Opinion – Living closer, an ode to camping

Like many young people, my first solo trip, finally, without my parents since I was accompanied by my girlfriend, was a camping one. We left for a month, each with our huge backpack which contained tent, sleeping bag, bowls, canvas, ropes, burner and all the paraphernalia necessary for life in nature. We had our Via Rail student pass, which allowed us to hop on and off any train across the second largest country in the world.

The clean air of Jasper, the crystal clear waters of Lake Louise and the epic hikes on the mountain peaks overlooking Banff are ours. Up there, I pitched my tent and, on fine evenings, I didn’t even put up the protective canvas.At this altitude, nothing separated us from the stars through the screen: they were right there, bright, twinkling, illuminating the night, and we only had to reach out, lying on our backs, and point the index finger to touch them.

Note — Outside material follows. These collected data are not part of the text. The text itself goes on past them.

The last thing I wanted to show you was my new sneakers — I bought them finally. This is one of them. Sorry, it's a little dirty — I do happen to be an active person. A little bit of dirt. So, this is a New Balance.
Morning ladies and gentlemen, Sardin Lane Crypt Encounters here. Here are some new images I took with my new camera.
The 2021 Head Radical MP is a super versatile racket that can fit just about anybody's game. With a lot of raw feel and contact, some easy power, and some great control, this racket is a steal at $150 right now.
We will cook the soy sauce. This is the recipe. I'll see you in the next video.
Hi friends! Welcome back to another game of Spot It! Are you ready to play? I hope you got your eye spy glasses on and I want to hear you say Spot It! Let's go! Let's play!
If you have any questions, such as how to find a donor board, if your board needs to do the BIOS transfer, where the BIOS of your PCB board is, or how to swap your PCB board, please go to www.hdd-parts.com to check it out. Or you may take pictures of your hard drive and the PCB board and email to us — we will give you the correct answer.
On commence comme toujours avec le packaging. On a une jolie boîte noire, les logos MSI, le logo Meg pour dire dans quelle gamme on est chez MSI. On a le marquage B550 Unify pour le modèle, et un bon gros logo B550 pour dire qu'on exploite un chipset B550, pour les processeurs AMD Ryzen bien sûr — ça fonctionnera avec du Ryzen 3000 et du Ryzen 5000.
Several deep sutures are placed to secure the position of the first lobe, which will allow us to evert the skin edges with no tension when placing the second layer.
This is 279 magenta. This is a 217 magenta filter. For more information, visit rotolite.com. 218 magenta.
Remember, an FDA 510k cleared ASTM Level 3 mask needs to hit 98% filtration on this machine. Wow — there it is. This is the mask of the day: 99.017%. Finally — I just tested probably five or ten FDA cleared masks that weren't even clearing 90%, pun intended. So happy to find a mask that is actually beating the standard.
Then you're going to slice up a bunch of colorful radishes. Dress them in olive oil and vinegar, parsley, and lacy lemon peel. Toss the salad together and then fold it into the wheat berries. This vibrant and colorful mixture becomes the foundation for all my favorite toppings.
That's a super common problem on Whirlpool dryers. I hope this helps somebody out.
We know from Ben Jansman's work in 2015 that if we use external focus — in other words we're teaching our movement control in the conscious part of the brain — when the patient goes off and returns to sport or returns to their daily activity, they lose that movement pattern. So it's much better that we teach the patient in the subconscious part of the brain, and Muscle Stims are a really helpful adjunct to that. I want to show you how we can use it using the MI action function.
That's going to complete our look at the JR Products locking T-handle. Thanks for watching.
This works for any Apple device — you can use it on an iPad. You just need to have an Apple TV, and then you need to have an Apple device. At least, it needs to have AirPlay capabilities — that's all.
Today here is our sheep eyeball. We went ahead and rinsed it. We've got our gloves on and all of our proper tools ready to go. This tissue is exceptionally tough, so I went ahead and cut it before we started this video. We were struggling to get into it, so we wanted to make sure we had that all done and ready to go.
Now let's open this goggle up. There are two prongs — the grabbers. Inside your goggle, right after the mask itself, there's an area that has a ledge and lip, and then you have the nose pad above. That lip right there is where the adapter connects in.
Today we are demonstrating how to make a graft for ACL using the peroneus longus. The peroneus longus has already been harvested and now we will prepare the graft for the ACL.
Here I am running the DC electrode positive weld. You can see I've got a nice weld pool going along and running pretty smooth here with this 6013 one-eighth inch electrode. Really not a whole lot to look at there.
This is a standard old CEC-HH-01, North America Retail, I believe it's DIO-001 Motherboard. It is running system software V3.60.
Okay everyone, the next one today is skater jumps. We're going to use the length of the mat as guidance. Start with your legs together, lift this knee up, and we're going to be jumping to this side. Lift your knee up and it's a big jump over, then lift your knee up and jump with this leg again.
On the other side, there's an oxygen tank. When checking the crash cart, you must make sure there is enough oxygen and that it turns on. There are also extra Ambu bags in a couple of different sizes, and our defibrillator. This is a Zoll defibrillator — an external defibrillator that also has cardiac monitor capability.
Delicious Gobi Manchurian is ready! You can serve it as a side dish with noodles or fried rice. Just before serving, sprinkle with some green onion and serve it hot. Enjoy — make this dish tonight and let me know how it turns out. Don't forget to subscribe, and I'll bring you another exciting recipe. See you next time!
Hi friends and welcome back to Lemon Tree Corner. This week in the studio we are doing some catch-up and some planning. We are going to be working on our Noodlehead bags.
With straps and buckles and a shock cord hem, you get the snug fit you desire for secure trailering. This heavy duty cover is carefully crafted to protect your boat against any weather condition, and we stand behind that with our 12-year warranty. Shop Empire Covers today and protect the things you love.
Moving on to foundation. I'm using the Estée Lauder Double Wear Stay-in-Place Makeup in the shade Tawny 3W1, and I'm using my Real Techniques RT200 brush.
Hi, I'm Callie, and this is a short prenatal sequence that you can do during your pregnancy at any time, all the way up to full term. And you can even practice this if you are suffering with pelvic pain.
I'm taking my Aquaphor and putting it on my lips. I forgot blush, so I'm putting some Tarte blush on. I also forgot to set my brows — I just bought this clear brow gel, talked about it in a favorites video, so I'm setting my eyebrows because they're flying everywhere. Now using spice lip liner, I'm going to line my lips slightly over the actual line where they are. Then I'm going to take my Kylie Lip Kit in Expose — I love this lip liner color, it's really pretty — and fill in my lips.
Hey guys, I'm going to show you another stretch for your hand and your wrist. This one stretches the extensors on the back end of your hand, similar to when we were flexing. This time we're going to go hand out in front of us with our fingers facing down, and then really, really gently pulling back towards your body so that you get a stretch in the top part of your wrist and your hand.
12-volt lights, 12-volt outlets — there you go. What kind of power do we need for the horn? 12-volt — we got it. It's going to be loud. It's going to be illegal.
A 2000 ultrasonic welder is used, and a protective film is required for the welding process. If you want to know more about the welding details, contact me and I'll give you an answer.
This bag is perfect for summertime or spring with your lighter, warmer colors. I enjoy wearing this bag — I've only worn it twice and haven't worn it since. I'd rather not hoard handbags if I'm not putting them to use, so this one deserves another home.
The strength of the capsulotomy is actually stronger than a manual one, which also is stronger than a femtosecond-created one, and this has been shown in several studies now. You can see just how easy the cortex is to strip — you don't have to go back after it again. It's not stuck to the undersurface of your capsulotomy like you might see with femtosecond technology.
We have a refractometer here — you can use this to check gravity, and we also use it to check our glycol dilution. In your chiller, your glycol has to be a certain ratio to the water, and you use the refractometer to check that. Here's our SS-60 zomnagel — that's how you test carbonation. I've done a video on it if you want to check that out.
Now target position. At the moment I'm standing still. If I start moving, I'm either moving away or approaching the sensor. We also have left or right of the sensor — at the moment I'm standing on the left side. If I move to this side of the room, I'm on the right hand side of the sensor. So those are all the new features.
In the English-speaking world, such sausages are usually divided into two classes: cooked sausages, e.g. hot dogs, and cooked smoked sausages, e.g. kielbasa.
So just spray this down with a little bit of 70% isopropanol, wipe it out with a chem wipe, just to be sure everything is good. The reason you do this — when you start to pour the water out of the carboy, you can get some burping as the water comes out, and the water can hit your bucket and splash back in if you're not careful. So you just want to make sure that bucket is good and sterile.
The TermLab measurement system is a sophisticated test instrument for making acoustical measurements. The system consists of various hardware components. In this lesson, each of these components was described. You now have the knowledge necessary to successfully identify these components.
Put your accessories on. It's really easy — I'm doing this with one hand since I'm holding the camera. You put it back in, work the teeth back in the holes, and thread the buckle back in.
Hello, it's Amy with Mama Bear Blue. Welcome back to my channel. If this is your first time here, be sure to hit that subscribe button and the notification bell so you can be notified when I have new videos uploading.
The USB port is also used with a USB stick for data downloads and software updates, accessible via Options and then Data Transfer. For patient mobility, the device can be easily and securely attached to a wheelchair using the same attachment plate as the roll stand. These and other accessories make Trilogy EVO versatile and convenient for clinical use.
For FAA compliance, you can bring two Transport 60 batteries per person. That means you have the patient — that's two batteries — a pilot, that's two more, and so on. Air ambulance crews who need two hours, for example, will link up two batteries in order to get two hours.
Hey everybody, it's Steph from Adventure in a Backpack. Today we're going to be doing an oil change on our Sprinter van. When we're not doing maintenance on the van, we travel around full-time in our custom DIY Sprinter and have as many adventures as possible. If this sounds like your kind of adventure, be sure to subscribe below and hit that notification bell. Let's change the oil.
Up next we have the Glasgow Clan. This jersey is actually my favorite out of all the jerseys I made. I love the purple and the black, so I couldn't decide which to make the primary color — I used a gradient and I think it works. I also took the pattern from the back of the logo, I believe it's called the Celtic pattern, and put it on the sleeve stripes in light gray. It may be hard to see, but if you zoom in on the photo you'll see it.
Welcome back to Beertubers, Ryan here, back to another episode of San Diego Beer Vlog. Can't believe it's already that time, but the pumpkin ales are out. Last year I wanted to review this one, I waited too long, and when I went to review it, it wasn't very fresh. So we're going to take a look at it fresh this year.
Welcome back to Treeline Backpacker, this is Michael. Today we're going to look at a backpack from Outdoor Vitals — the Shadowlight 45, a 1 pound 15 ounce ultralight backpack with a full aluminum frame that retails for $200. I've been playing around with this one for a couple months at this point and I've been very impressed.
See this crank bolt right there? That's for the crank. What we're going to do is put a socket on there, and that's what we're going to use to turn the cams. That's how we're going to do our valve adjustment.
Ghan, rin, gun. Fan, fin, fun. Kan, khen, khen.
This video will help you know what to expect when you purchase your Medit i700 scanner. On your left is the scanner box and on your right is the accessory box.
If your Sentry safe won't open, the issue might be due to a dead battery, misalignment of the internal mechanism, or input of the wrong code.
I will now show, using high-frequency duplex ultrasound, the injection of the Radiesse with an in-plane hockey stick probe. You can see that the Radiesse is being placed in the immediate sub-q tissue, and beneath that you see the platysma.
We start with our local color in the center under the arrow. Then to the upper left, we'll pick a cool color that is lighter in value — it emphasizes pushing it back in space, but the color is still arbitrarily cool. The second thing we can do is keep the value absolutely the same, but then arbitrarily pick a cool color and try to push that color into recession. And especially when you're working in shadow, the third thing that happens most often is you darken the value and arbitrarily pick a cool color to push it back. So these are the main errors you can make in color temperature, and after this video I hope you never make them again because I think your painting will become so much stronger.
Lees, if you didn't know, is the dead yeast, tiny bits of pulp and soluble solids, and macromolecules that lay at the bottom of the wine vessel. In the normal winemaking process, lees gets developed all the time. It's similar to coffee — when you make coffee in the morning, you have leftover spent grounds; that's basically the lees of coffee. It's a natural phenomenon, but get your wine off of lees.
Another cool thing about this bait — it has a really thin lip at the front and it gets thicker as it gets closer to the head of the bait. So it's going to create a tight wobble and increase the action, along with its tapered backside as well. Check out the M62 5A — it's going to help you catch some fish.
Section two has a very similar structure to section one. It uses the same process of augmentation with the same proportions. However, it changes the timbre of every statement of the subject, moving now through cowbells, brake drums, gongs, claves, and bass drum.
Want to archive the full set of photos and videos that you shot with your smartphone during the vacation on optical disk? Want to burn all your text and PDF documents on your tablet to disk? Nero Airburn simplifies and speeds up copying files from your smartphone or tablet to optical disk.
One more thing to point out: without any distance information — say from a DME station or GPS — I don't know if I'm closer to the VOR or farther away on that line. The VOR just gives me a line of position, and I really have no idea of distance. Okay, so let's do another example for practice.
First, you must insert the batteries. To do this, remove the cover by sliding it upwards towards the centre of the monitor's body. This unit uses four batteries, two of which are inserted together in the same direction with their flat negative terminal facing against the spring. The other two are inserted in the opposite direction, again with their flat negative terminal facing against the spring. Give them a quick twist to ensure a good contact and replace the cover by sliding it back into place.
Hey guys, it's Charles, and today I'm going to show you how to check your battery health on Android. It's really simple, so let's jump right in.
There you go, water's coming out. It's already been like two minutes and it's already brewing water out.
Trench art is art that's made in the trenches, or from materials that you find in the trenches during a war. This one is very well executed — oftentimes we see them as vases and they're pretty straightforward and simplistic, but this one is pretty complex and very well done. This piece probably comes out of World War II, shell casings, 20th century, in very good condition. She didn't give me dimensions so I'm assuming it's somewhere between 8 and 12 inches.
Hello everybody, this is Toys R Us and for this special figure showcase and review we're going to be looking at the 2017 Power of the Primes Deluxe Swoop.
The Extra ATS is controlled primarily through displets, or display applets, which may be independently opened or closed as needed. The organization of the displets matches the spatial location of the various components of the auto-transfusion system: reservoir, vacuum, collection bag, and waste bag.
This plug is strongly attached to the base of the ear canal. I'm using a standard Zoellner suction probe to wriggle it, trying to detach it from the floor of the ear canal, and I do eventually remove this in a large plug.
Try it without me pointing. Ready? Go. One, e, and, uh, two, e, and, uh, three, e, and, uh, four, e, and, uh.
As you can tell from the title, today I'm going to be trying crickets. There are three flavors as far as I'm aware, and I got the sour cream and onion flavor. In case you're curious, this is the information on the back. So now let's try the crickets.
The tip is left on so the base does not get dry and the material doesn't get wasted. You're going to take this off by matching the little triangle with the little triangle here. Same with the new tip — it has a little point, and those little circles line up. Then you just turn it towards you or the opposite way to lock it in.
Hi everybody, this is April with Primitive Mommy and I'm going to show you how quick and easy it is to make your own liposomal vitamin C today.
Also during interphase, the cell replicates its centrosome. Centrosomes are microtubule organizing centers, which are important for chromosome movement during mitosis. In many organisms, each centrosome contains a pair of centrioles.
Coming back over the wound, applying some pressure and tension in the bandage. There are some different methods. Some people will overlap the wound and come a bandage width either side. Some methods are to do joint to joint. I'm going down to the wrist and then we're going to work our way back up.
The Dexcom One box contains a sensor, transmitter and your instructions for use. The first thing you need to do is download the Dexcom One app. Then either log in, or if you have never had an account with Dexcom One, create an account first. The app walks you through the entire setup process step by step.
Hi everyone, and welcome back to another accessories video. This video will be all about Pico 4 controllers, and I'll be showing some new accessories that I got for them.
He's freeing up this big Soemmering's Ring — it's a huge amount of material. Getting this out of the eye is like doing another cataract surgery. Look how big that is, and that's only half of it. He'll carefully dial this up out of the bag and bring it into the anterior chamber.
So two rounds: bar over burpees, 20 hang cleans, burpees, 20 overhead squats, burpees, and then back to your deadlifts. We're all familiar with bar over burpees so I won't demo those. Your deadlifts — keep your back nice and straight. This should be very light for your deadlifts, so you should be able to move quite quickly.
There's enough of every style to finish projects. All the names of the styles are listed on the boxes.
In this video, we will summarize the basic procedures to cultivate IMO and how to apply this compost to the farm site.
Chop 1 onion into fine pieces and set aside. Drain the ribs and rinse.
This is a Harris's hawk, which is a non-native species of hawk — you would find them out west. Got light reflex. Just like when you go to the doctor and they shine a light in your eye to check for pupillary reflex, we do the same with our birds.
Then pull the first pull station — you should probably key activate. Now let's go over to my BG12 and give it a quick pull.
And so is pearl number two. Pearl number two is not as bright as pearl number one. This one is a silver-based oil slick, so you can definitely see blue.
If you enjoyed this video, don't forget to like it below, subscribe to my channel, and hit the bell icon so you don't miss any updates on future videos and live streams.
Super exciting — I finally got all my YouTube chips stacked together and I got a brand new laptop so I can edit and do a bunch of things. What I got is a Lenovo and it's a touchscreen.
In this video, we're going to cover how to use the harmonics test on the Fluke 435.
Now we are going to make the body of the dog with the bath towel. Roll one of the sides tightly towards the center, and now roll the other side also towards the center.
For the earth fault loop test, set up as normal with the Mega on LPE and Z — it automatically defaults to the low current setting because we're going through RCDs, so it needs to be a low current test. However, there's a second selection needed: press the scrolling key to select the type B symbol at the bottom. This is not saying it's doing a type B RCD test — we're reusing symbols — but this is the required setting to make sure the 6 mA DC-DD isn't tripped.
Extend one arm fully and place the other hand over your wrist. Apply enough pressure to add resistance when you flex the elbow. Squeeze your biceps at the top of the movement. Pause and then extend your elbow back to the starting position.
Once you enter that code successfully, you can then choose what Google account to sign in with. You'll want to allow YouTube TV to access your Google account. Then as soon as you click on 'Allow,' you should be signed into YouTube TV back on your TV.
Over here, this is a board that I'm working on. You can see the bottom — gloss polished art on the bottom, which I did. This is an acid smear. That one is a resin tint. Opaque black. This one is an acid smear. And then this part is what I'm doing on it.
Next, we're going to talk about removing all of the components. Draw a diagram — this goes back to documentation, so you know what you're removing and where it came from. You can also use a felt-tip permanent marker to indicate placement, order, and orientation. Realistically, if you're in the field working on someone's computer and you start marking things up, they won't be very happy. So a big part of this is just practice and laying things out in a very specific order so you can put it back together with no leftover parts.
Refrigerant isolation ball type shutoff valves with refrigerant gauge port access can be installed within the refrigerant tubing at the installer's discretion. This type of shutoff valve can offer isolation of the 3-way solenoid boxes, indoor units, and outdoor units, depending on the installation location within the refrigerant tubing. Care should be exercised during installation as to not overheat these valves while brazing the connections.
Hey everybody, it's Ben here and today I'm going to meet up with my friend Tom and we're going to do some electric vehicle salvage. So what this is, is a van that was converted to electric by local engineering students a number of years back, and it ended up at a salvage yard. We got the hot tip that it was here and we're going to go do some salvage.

During my twenties, I continued to do a few camping trips, but they became increasingly rare. At the beginning of my thirties, I didn’t do any more at all, because everything happened: work, marriage, house, children. During this period, it seemed to me that I had done everything that is expected of a good adult who, in return, for having done things right, would achieve some success.

However, although I had a nice little house and a big cozy bed, there was always this gripping fatigue that was watching me. On sleepless evenings, on my balcony bathed in the cold light of the lamp post, I could not make out a single star. The city is filled with these lights that prevent seeing. During these moments, I sometimes had the impression of being as far from myself as the stars.

Towards the end of his thirties, the urge to camp returned, irresistible. My partner hating camping, so I opted for an old second-hand tent-trailer, the kind you crave to put up the roof and from which come out two beds on each side, with their canvas. The children were already used to a certain promiscuity, because at home, there are two of them per room. But there, in the tent-trailer, they sleep the four in the same bed. The kids love it. At bedtime, they always end up messing around a bit in bed, then boom! they fall steeply.

Today, my girlfriend hates camping a little less than in her memories, but sometimes, and until very recently, she still tries: “Children, for the next vacation, would you rather go to the hotel or camping? ” ” At camping ! they answer in chorus, a forehead as united as it is extremely rare.

It’s true that you have to go to some trouble to go camping. But once installed, with so much less than at home, you finally end up rediscovering this distinctive feeling: that of being closer to you. Lying on my back in my old tent-trailer, I see the stars shining brightly; they’re right there again, very close, and all I have to do is reach out and pinch them one by one to turn them off and fall asleep.